_WHAT THE TASK ASKS_. Return each line of the listing exactly as written.

_DATA TO PROCESS_.

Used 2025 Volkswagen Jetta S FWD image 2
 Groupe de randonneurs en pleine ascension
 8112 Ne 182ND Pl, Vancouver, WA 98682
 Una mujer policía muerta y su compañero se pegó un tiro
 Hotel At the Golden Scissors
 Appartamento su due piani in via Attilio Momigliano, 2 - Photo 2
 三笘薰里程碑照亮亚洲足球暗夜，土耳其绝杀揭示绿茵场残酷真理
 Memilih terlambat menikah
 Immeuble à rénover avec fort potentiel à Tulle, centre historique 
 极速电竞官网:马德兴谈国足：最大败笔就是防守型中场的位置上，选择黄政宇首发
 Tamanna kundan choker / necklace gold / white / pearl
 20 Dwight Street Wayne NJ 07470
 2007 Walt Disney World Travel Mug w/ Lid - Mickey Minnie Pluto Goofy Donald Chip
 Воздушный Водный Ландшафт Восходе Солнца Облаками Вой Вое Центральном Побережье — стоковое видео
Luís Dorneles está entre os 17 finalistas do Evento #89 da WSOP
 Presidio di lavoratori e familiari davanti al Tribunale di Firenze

_ANSWER SPACE_.
Used 2025 Volkswagen Jetta S FWD image 2
 Groupe de randonneurs en pleine ascension
 8112 Ne 182ND Pl, Vancouver, WA 98682
 Una mujer policía muerta y su compañero se pegó un tiro
 Hotel At the Golden Scissors
 Appartamento su due piani in via Attilio Momigliano, 2 - Photo 2
 三笘薰里程碑照亮亚洲足球暗夜，土耳其绝杀揭示绿茵场残酷真理
 Memilih terlambat menikah
 Immeuble à rénover avec fort potentiel à Tulle, centre historique 
 极速电竞官网:马德兴谈国足：最大败笔就是防守型中场的位置上，选择黄政宇首发
 Tamanna kundan choker / necklace gold / white / pearl
 20 Dwight Street Wayne NJ 07470
 2007 Walt Disney World Travel Mug w/ Lid - Mickey Minnie Pluto Goofy Donald Chip
 Воздушный Водный Ландшафт Восходе Солнца Облаками Вой Вое Центральном Побережье — стоковое видео
Luís Dorneles está entre os 17 finalistas do Evento #89 da WSOP
 Presidio di lavoratori e familiari davanti al Tribunale di Firenze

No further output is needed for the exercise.